I've been working on a Python implementation of SAML 2.0 for some months now and recently pushed this to the Python repository PyPI.  SAML is an important tool in the Earth System Grid Security architecture that I've been working on and the NERC DataGrid security framework which predates it. It's used for attribute retrieval and authorisation decision queries.  The code focusses on these aspects of the specification.  This example illustrates an client attribute query to an Attribute Authority:


from ndg.saml.saml2.core import (AttributeQuery, SAMLVersion, Issuer, Subject,
                                 NameID, Attribute, XSStringAttributeValue)
from uuid import uuid4
from datetime import datetime

attributeQuery = AttributeQuery()
attributeQuery.version = SAMLVersion(SAMLVersion.VERSION_20)
attributeQuery.id = str(uuid4())
attributeQuery.issueInstant = datetime.utcnow()

attributeQuery.issuer = Issuer()
attributeQuery.issuer.format = Issuer.X509_SUBJECT
attributeQuery.issuer.value = '/O=NDG/OU=BADC/CN=PolicyInformationPoint'
                
attributeQuery.subject = Subject()  
attributeQuery.subject.nameID = NameID()
attributeQuery.subject.nameID.format = NameID.X509_SUBJECT
attributeQuery.subject.nameID.value = '/O=NDG/OU=BADC/CN=PhilipKershaw'

# special case handling for 'LastName' attribute
emailAddressAttribute = Attribute()
emailAddressAttribute.name = "urn:esg:email:address"
emailAddressAttribute.nameFormat = "%s#%s" % (
                                XSStringAttributeValue.TYPE_NAME.namespaceURI,
                                XSStringAttributeValue.TYPE_NAME.localPart)

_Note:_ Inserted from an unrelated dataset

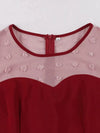 Rochie Vintage Pencil Chic Bordeaux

emailAddress = XSStringAttributeValue()
emailAddress.value = 'pjk@somewhere.ac.uk'
emailAddressAttribute.attributeValues.append(emailAddress)

attributeQuery.attributes.append(emailAddressAttribute)

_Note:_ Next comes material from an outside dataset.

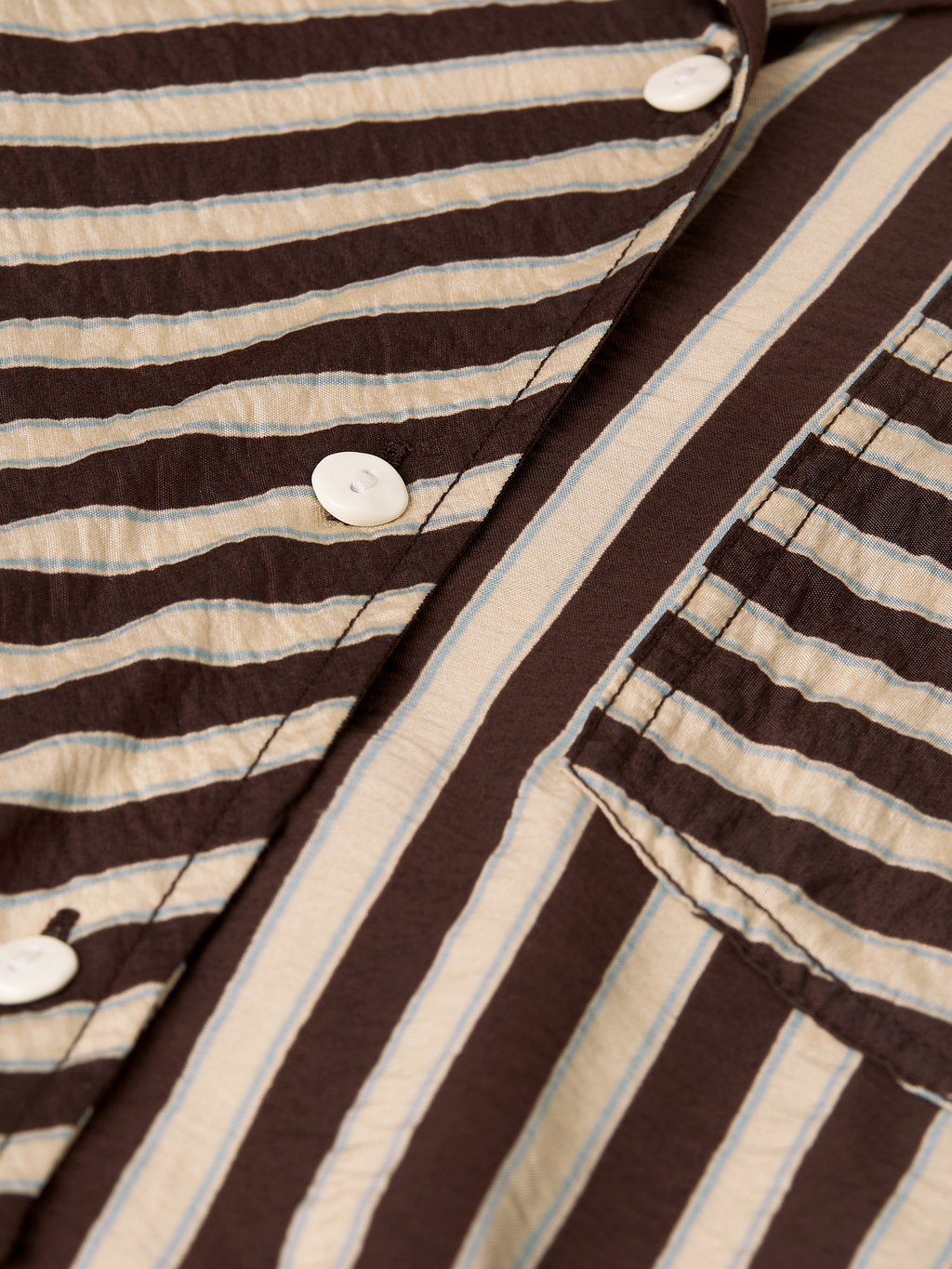 Striped Wrap Ankle Length Dress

# Convert to ElementTree representation
from ndg.saml.xml.etree import AttributeQueryElementTree, prettyPrint

elem = AttributeQueryElementTree.toXML(attributeQuery)

# Serialise as string
xmlOut = prettyPrint(elem)
print(xmlOut)



The XML representation and serialisation is independent of the core code. The ndg.saml.xml.etree ElementTree representation comes with the rest of the code but it would be straightforward to add an adaptor for another Python XML package such as 4Suite-XML.

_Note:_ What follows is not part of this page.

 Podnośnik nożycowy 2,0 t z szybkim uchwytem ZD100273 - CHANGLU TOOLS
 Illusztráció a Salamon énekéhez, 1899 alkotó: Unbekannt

Here's the serialised output:


<samlp:attributequery id="1c15e748-0f74-41f1-848c-1fbdfeef2a06" issueinstant="2010-06-01T13:19:50.690263Z" version="2.0" xmlns:samlp="urn:oasis:names:tc:SAML:2.0:protocol">
    <saml:issuer format="urn:oasis:names:tc:SAML:1.1:nameid-format:x509SubjectName" xmlns:saml="urn:oasis:names:tc:SAML:2.0:assertion">/O=NDG/OU=BADC/CN=PolicyInformationPoint</saml:issuer>
    <saml:subject xmlns:saml="urn:oasis:names:tc:SAML:2.0:assertion">
        <saml:nameid format="urn:oasis:names:tc:SAML:1.1:nameid-format:x509SubjectName">/O=NDG/OU=BADC/CN=PhilipKershaw</saml:nameid>
    </saml:subject>
    <saml:attribute name="urn:esg:email:address" nameformat="http://www.w3.org/2001/XMLSchema#string" xmlns:saml="urn:oasis:names:tc:SAML:2.0:assertion">
        <saml:attributevalue xmlns:xs="http://www.w3.org/2001/XMLSchema" xmlns:xsi="http://www.w3.org/2001/XMLSchema-instance" xsi:type="xs:string">pjk@somewhere.ac.uk</saml:attributevalue>
    </saml:attribute>
</samlp:attributequery>


More to follow - including client/server SOAP bindings - as I migrate the SAML specific code out of the NERC DataGrid security package.